Omitting every picture, copy the lines from the one that contains "this 405×228 image." through the last line of the records below, exactly and with nothing added.

[Annotated photo localization data]
*** Block opens ***

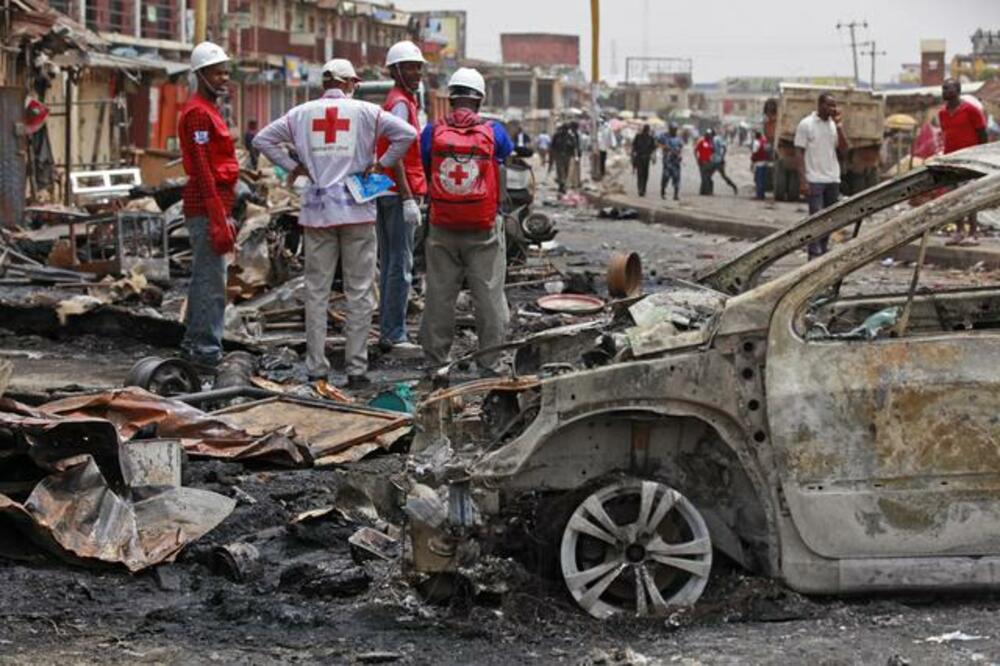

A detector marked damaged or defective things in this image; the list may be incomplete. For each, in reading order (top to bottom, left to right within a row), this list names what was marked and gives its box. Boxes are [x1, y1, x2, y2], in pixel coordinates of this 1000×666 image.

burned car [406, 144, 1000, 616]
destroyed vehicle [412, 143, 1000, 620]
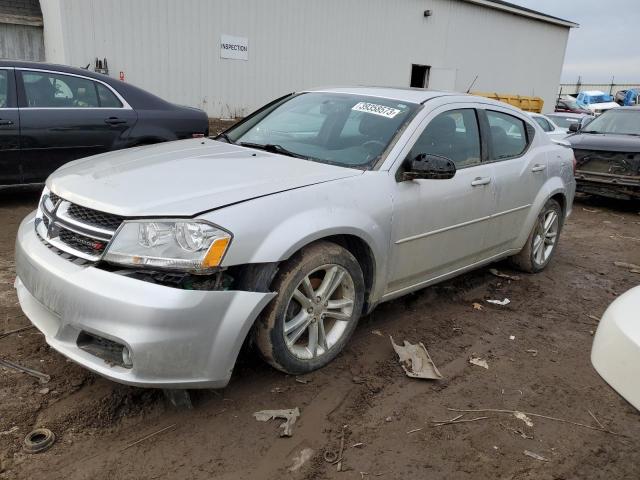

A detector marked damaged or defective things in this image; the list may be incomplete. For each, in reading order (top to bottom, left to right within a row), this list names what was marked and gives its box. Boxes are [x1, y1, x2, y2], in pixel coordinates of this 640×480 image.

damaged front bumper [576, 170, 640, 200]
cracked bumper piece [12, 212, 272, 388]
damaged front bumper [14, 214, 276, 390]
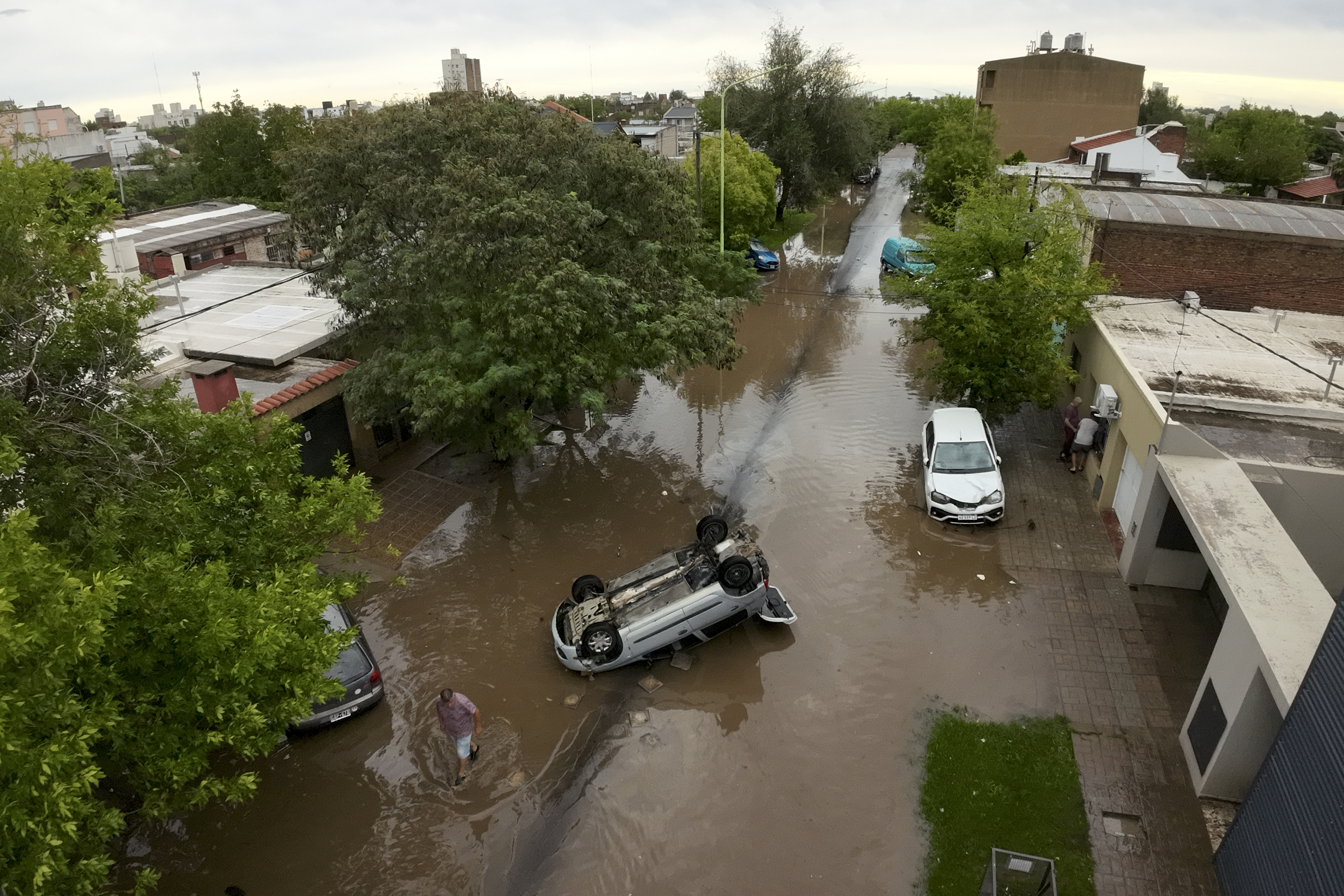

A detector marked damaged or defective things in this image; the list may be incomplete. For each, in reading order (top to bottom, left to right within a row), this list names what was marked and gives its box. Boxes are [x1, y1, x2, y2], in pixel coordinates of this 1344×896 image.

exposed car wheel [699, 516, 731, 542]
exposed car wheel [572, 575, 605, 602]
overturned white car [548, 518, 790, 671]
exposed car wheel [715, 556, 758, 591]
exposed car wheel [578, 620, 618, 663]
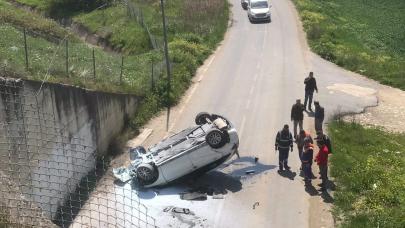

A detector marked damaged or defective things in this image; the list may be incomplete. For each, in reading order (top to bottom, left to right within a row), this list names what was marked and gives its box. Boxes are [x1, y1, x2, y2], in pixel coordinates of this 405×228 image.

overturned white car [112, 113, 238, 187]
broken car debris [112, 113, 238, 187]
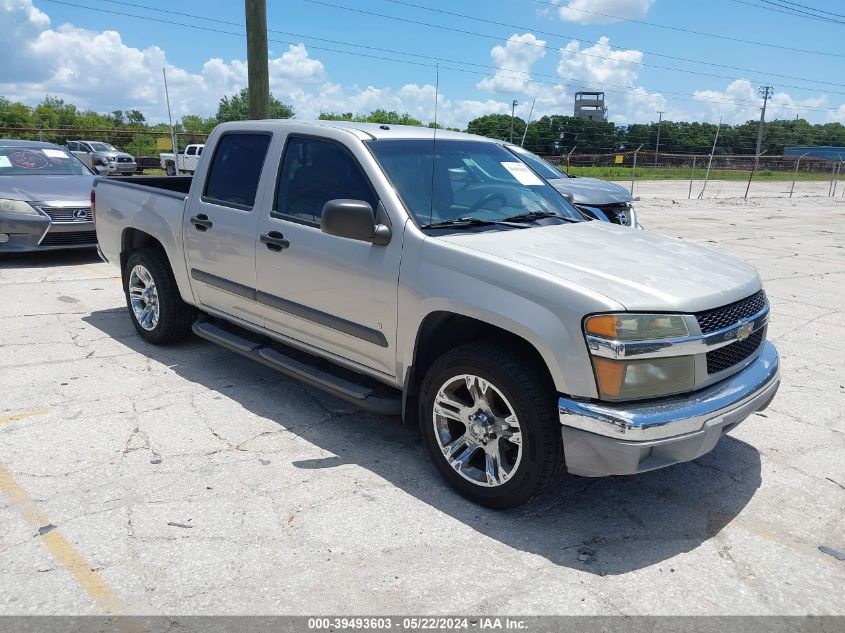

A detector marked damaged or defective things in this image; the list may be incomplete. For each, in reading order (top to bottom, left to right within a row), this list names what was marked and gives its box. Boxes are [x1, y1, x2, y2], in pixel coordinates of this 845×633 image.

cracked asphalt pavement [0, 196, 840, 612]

*** Block closes ***

* [ANSWER FOR THIS EXERCISE]
A detector marked damaged or defective things in this image; the list may be incomplete. For each, in reading order (top to bottom, left to right within a row), this list names what was marked and gives its box. Boxes are [x1, y1, x2, y2], in pixel coordinates of this 405×228 image.

overturned white car [112, 113, 238, 187]
broken car debris [112, 113, 238, 187]

A detector marked damaged or defective things in this image; the list may be incomplete. For each, in reading order (top to bottom, left to right within a row), this list names what was marked and gives its box. Boxes are [x1, y1, x2, y2], in pixel coordinates of this 845×633 image.

cracked asphalt pavement [0, 196, 840, 612]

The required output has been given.